Grace period: ~5s typical. Orchestrators should allow ≥10s before
sending SIGKILL.
## Image
- **Base**: `oven/bun:1.2-slim` for runtime (Bun executes TS directly).
pnpm-install stage can use a separate `node:22-slim` image.
- **User**: non-root. `oven/bun` ships with UID 1000 `bun` user.
- **Target size**: <200MB compressed.
- **Volumes**: none. Broker is stateless.
### Build stages (recommended)
1. **deps**: Node + pnpm + full workspace → `pnpm install --frozen-lockfile --ignore-scripts`
2. **runtime**: Bun + copy node_modules + copy only needed workspace packages:
- `apps/broker/`
- `packages/db/`
- `packages/shared/`
- `tooling/typescript/`
- root metadata (`package.json`, `pnpm-workspace.yaml`, `pnpm-lock.yaml`, `tsconfig.json`)
### Build args
- `GIT_SHA` SHOULD be passed at build time and forwarded as ENV so
`/health` surfaces the image commit:
```dockerfile
ARG GIT_SHA
ENV GIT_SHA=$GIT_SHA
```
CI should set `--build-arg GIT_SHA=${GITHUB_SHA:0:7}` (or equivalent).
## Dependencies
Runtime needs reachable:
- **Postgres 15+** with `pgvector` extension enabled (the broker itself
doesn't use vector, but shared migrations do — if you deploy the
broker-only migration subset you can drop pgvector).
- No other external services. No Redis, no queue, no cache.
## Deployment targets (authoritative lane)
- **Production**: OVH VPS via Coolify, Traefik-fronted. Internal port
7900 → Traefik → `ic.claudemesh.com:443`. Separate deploy lane owns
Traefik labels, TLS, DNS, compose.
- **Test DB on CI**: spin up pgvector/pgvector:pg17, create
`claudemesh_test` database, run migrations, then `pnpm test` in
`apps/broker`. See below.
## CI integration
Test suite requires a live Postgres. Suggested GitHub Actions step:
```yaml
services:
postgres:
image: pgvector/pgvector:pg17
env:
POSTGRES_USER: turbostarter
POSTGRES_PASSWORD: turbostarter
POSTGRES_DB: claudemesh_test
ports: ['5440:5432']
options: >-
--health-cmd="pg_isready -U turbostarter"
--health-interval=5s
steps:
- uses: actions/checkout@v4
- run: pnpm install --frozen-lockfile
- run: cd packages/db && pnpm exec drizzle-kit migrate
env: { DATABASE_URL: 'postgresql://turbostarter:turbostarter@127.0.0.1:5440/claudemesh_test' }
- run: cd apps/broker && pnpm test
env: { DATABASE_URL: 'postgresql://turbostarter:turbostarter@127.0.0.1:5440/claudemesh_test' }
```
## Metrics
Scraped by Prometheus via `GET /metrics`. Key series:
- `broker_connections_active` (gauge)
- `broker_connections_total` (counter)
- `broker_connections_rejected_total{reason}` (counter: capacity, unauthorized)

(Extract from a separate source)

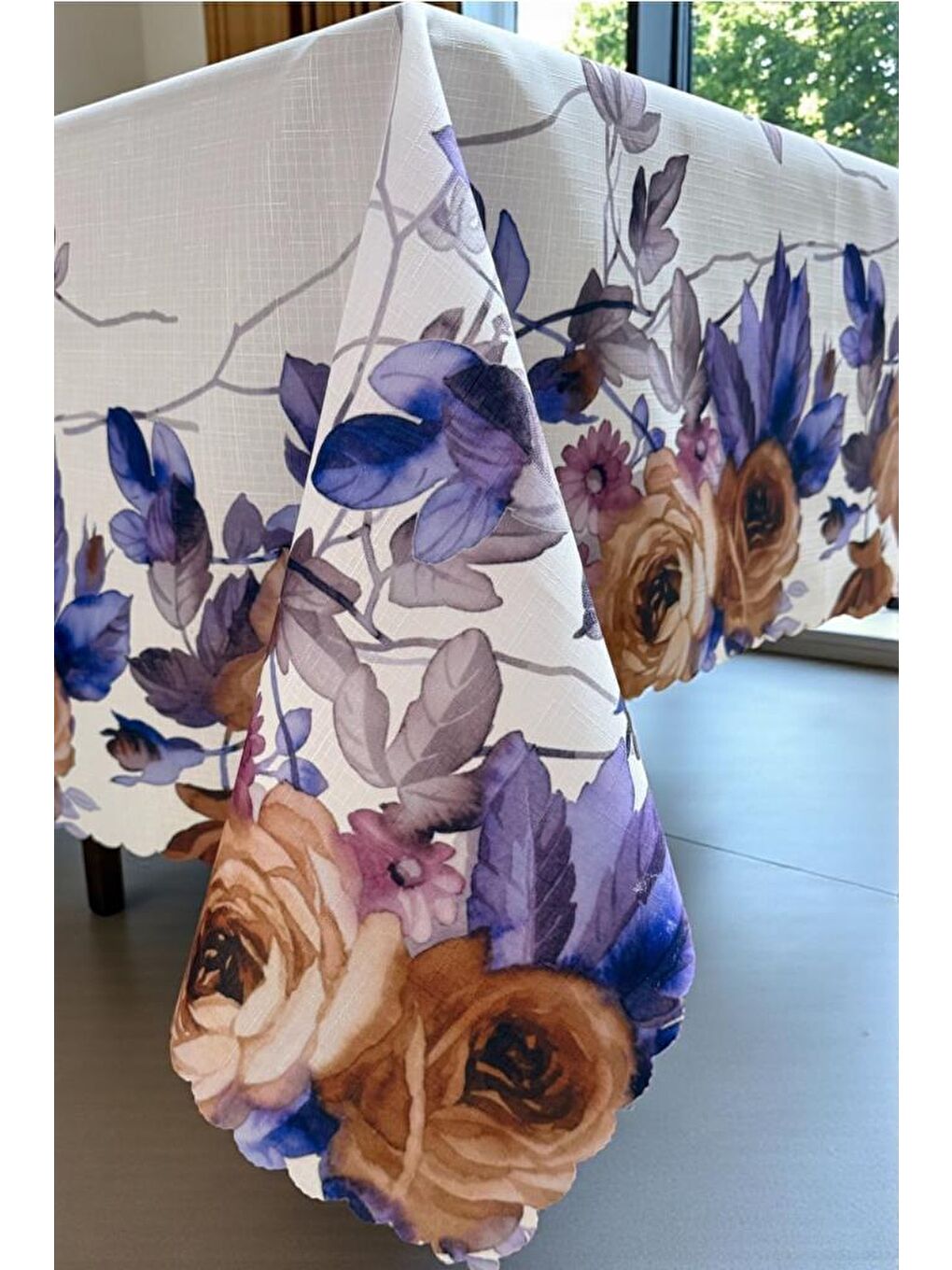 Karışık Florin Dertsiz Masa Örtüsü 150x150 cm-1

- `broker_messages_routed_total{priority}` (counter: now, next, low)
- `broker_messages_rejected_total{reason}` (counter)

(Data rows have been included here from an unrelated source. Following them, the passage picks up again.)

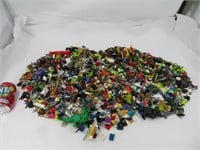 Gros lot de pièces LEGO pour figurines et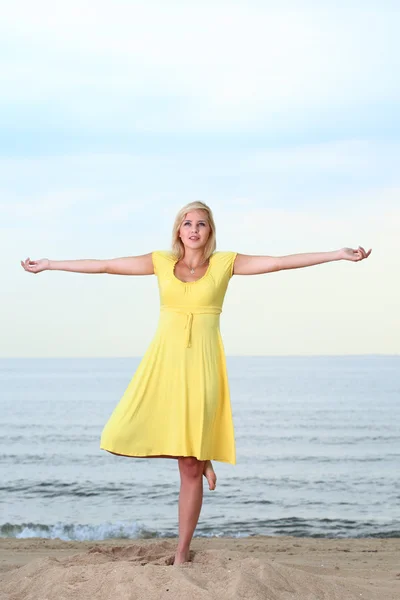 Romántico Hermosa chica sonriente vestido amarillo —  Fotos de Stock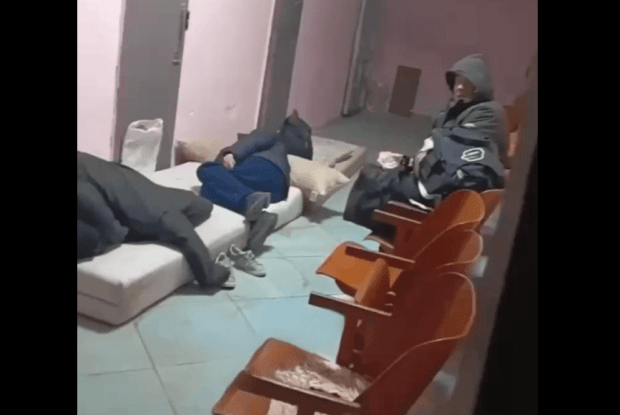 Антисанітарія та ігнорування закону: Омбудсман показав умови у ТЦК на Київщині, які «грають на руку ворогу»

- `broker_queue_depth` (gauge — undelivered messages)
- `broker_ttl_sweeps_total{flipped}` (counter)
- `broker_hook_requests_total` (counter)
- `broker_hook_requests_rate_limited_total` (counter)
- `broker_db_healthy` (gauge: 0 or 1)
Alert recommendations:
- `broker_db_healthy == 0` for > 60s → page oncall
- `broker_queue_depth > 10000` → investigate
- `broker_connections_rejected_total{reason="capacity"}` rising → scale
## Logs
Structured JSON, one line per event, stderr. No log aggregation
required — suitable for stdout/stderr capture and direct ingestion
into Loki/Datadog/CloudWatch without parsing.
Key events: `broker listening`, `ws hello`, `ws close`, `ws set_status`,
`hook` (with `cwd`, `pid`, `status`, `presence_id`, `pending`), `shutdown signal`,
`shutdown complete`, `db healthy`, `db ping failed`.